• [DATA FOR THE TASK]
◇ ◇ ◇ ◇ ◇ ◇ ◇
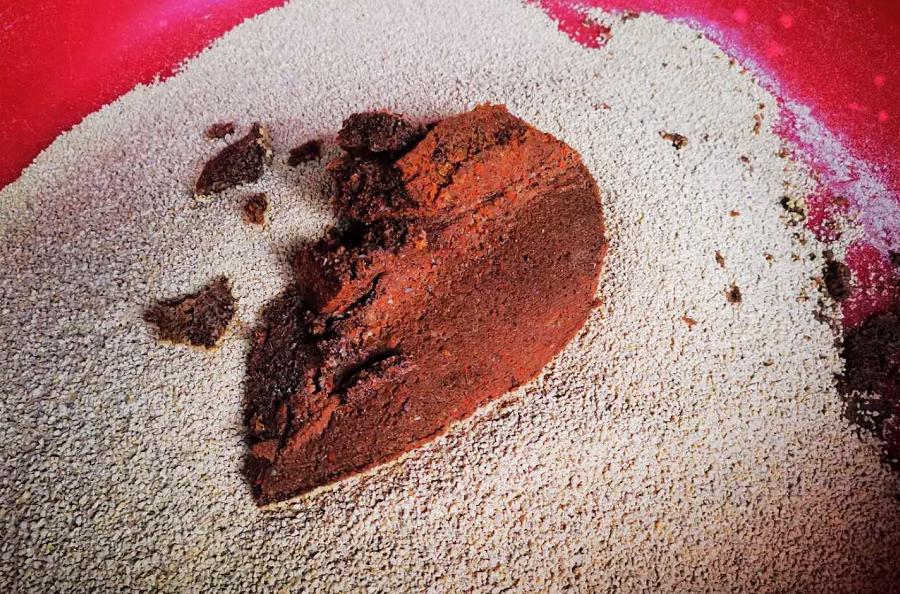 900元开启养鸡路，10年九死一生，创出“百草鸡”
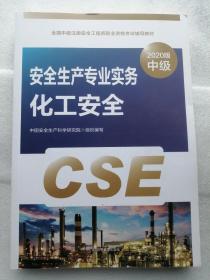 全国中级注册安全工程师职业资格考试辅导教材：安全生产专业实务 化工安全（2020版中级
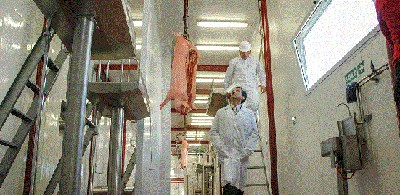 La cadena porcina alcanza volúmenes récord de faena y producción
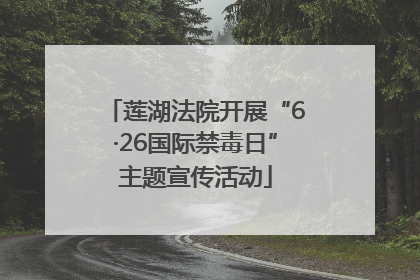 莲湖法院开展“6·26国际禁毒日”主题宣传活动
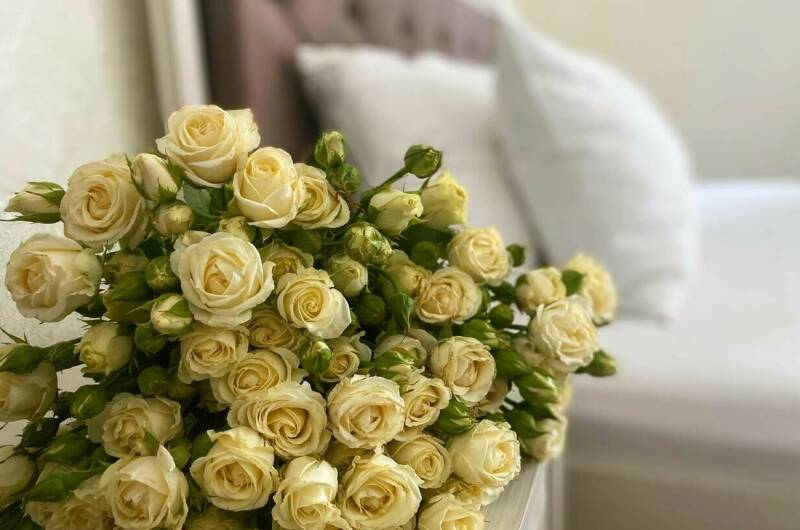 Семейный «Люкс»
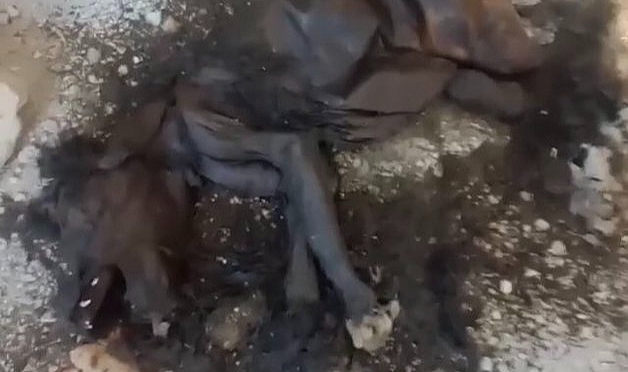 Hatay'da köpek katliamı: 12 yavruyu yakarak ve döverek öldürdüler!
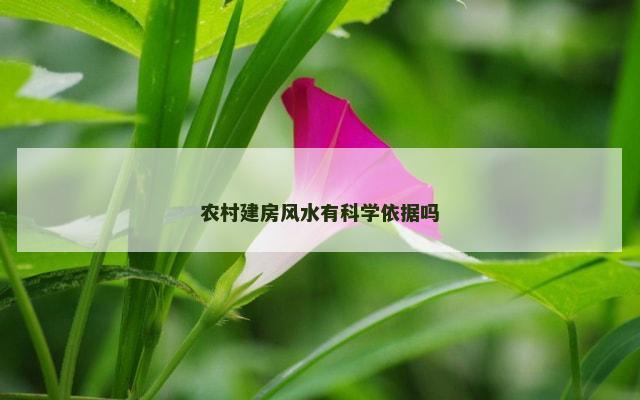 农村建房风水有科学依据吗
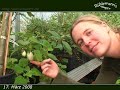 R�hlemann�s *2* \"Simone entdeckt die G�rtnerei\"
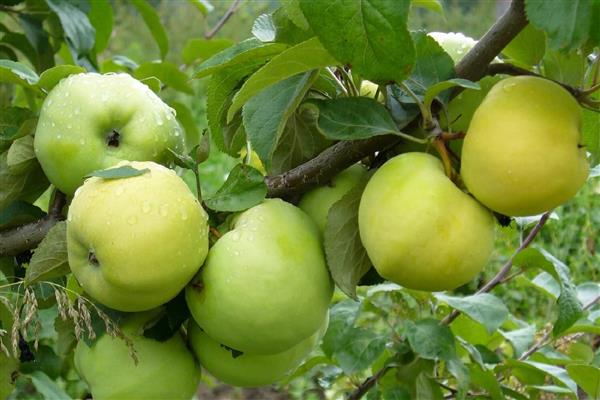 صور شجرة التفاح أنتونوفكا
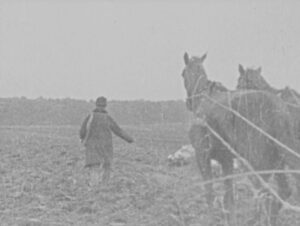 Визволення 6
◇ ◇ ◇ ◇ ◇ ◇ ◇
Before copying the material, set its pictures aside; then transcribe it word for word.

• [RESPONSE TO THE TASK]
 900元开启养鸡路，10年九死一生，创出“百草鸡”
 全国中级注册安全工程师职业资格考试辅导教材：安全生产专业实务 化工安全（2020版中级
 La cadena porcina alcanza volúmenes récord de faena y producción
 莲湖法院开展“6·26国际禁毒日”主题宣传活动
 Семейный «Люкс»
 Hatay'da köpek katliamı: 12 yavruyu yakarak ve döverek öldürdüler!
 农村建房风水有科学依据吗
 R�hlemann�s *2* \"Simone entdeckt die G�rtnerei\"
 صور شجرة التفاح أنتونوفكا
 Визволення 6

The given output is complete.